TASK REQUIREMENTS - Please reproduce exactly, and only, the line containing "Зимние коты" and every line after it to the end of the records below, leaving out all pictures.

INPUT DATA -
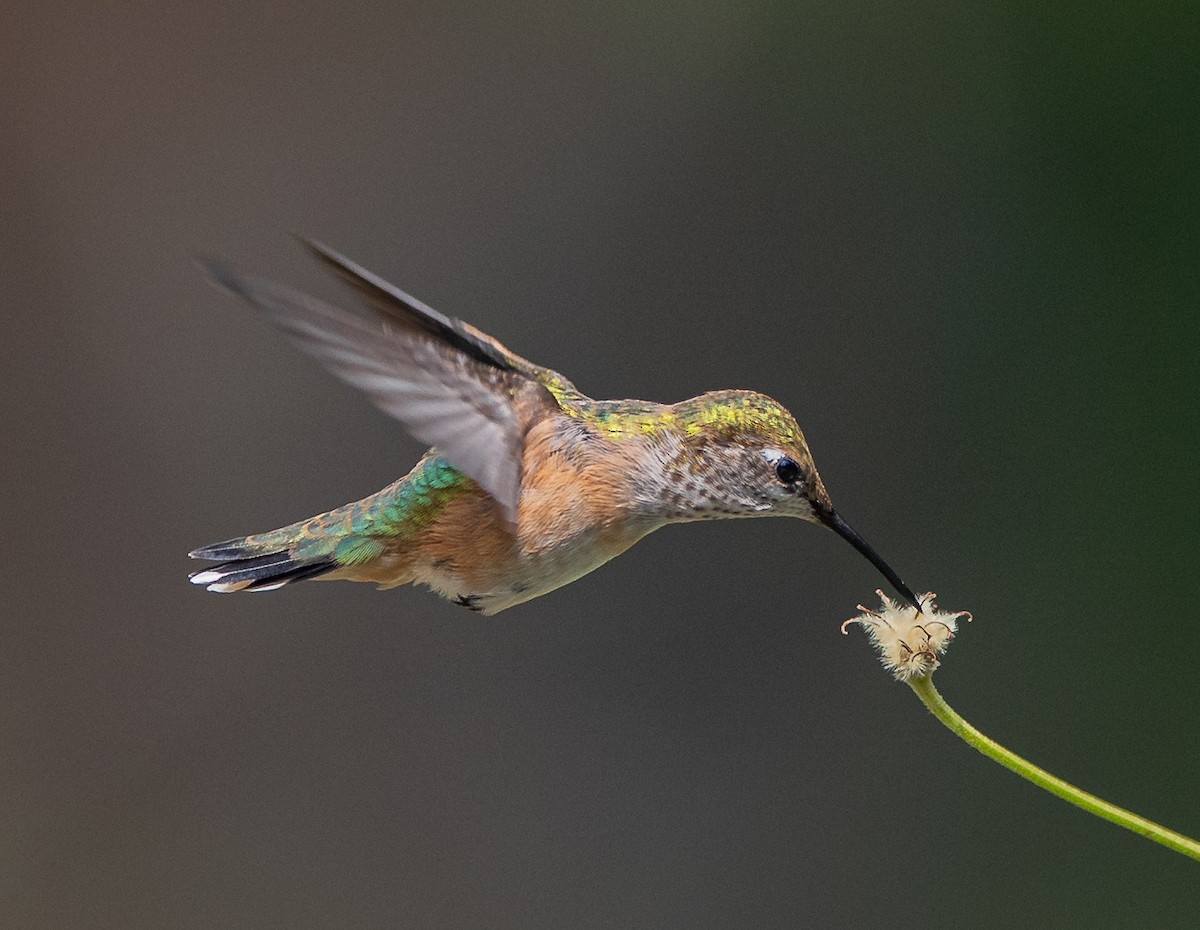 Calliope Hummingbird - ML606645231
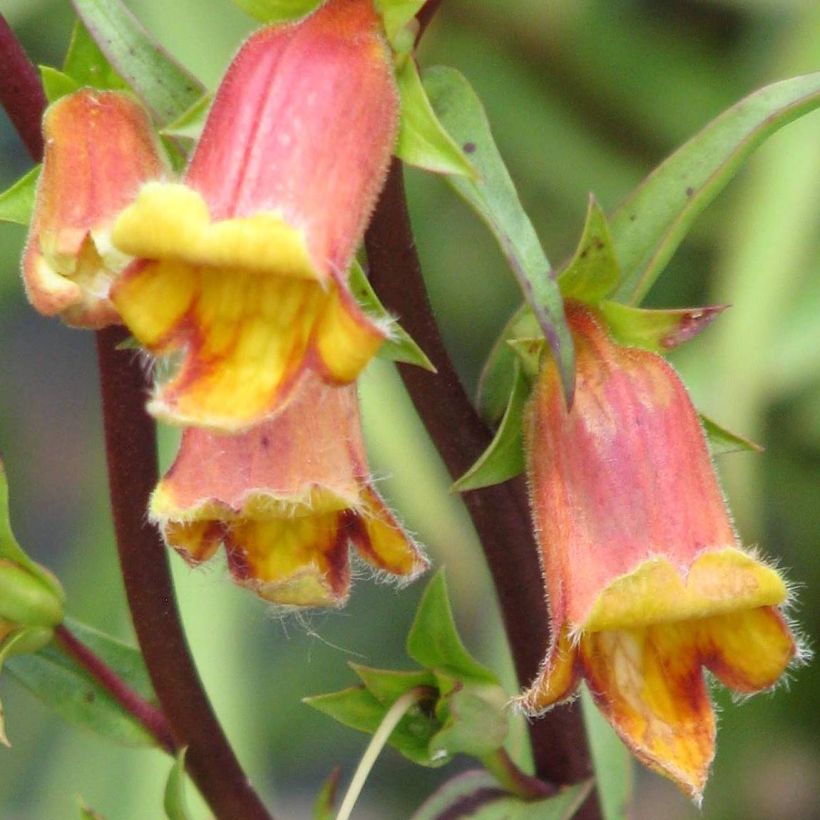 Digitalis obscura - Corregoa (Floración)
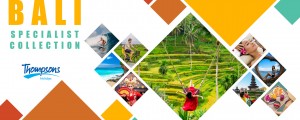 Bali Brochure website cover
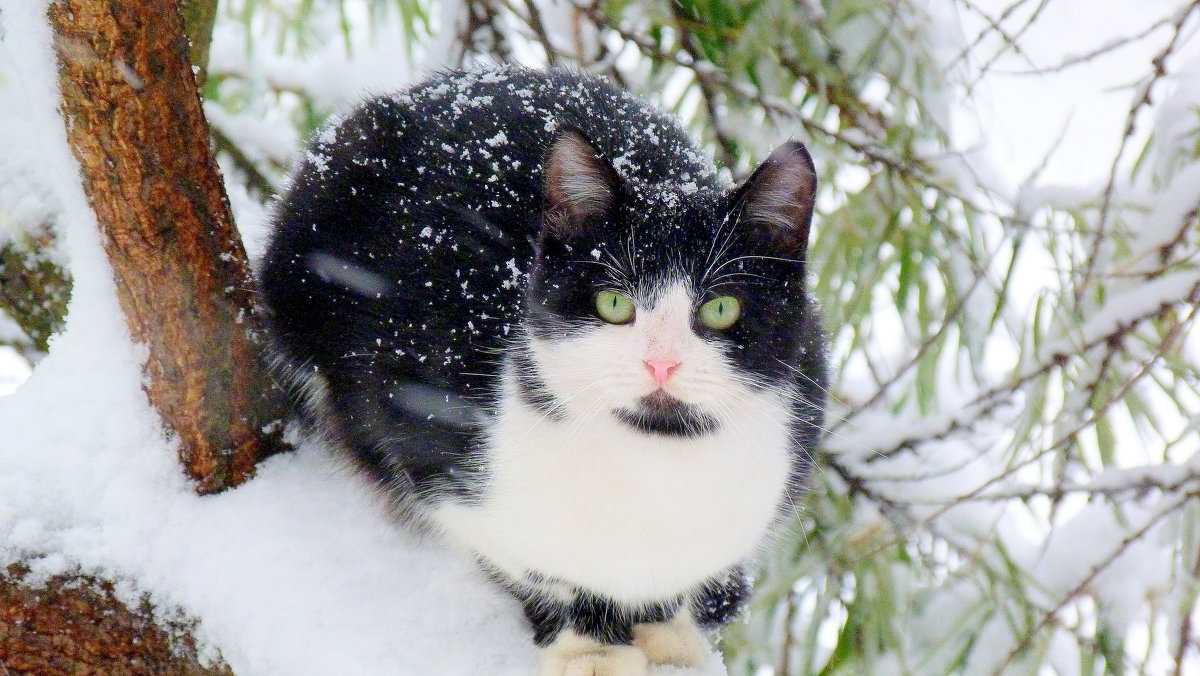 Зимние коты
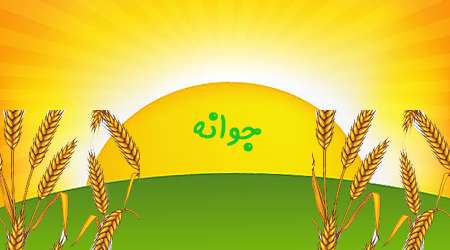 جوانه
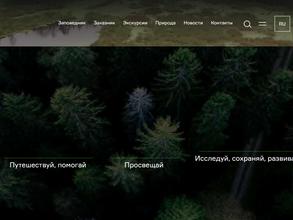 Брянский лес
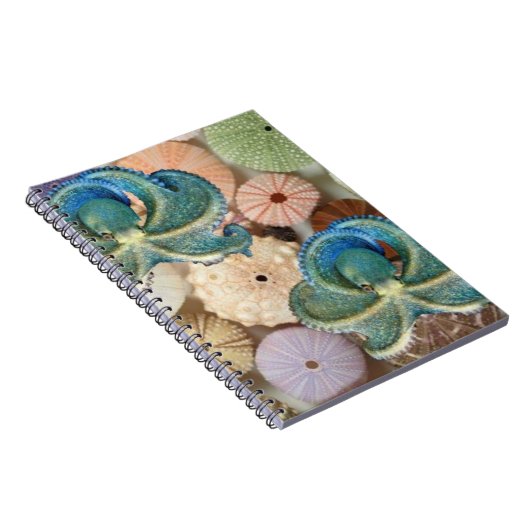 二重タコの螺線形の写真アルバム ノートブック (右側)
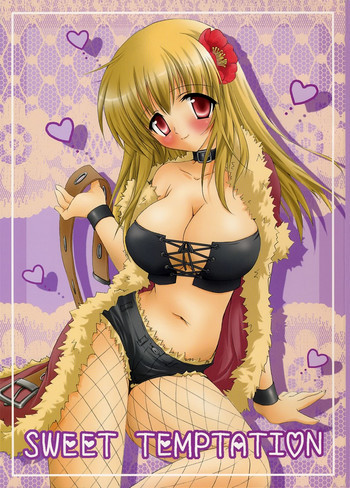 SWEET TEMPTATIONの表紙画像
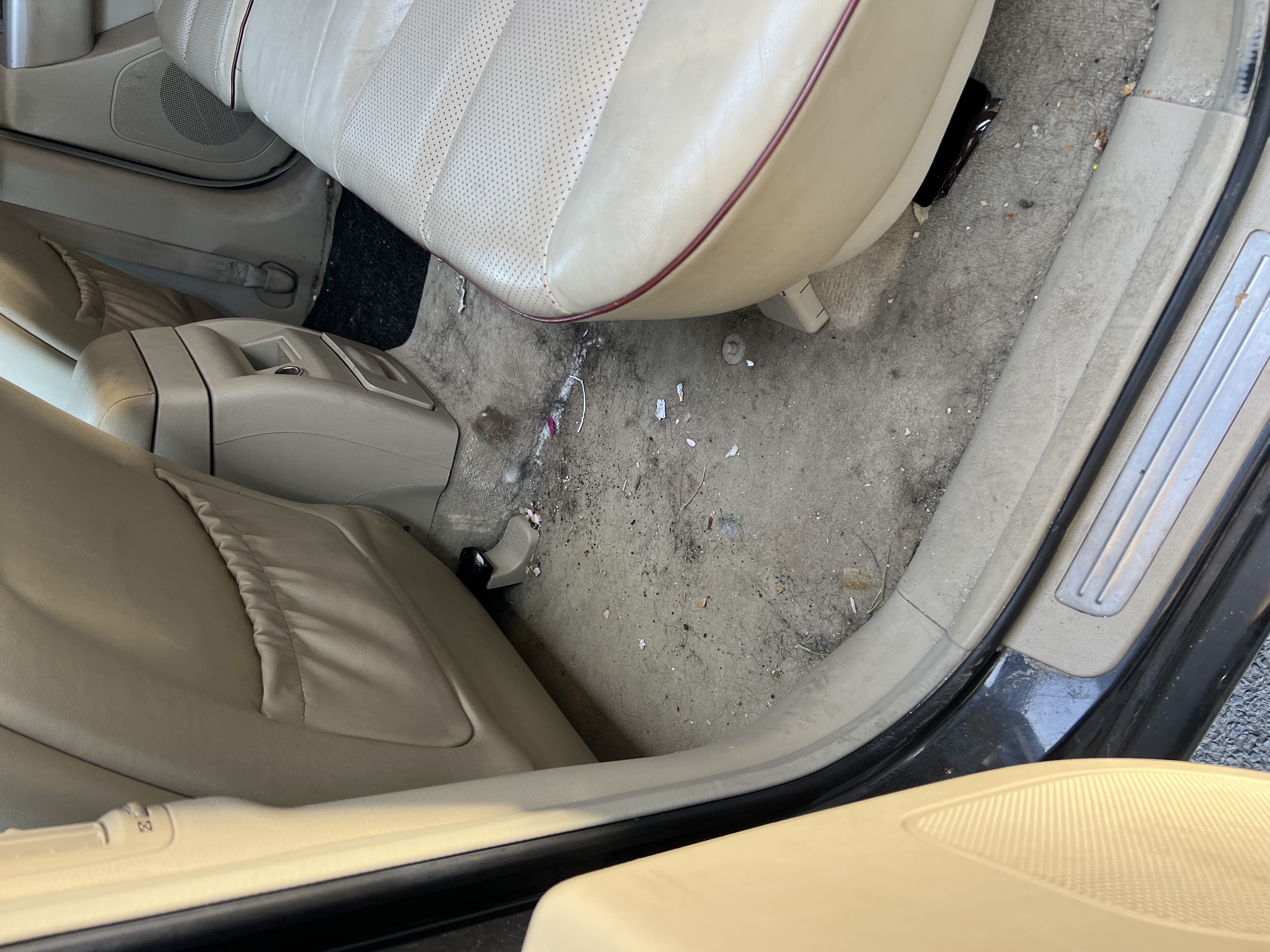 Entretien Cuir Avant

RESULT OF THIS TASK -
 Зимние коты
 جوانه
 Брянский лес
 二重タコの螺線形の写真アルバム ノートブック (右側)
 SWEET TEMPTATIONの表紙画像
 Entretien Cuir Avant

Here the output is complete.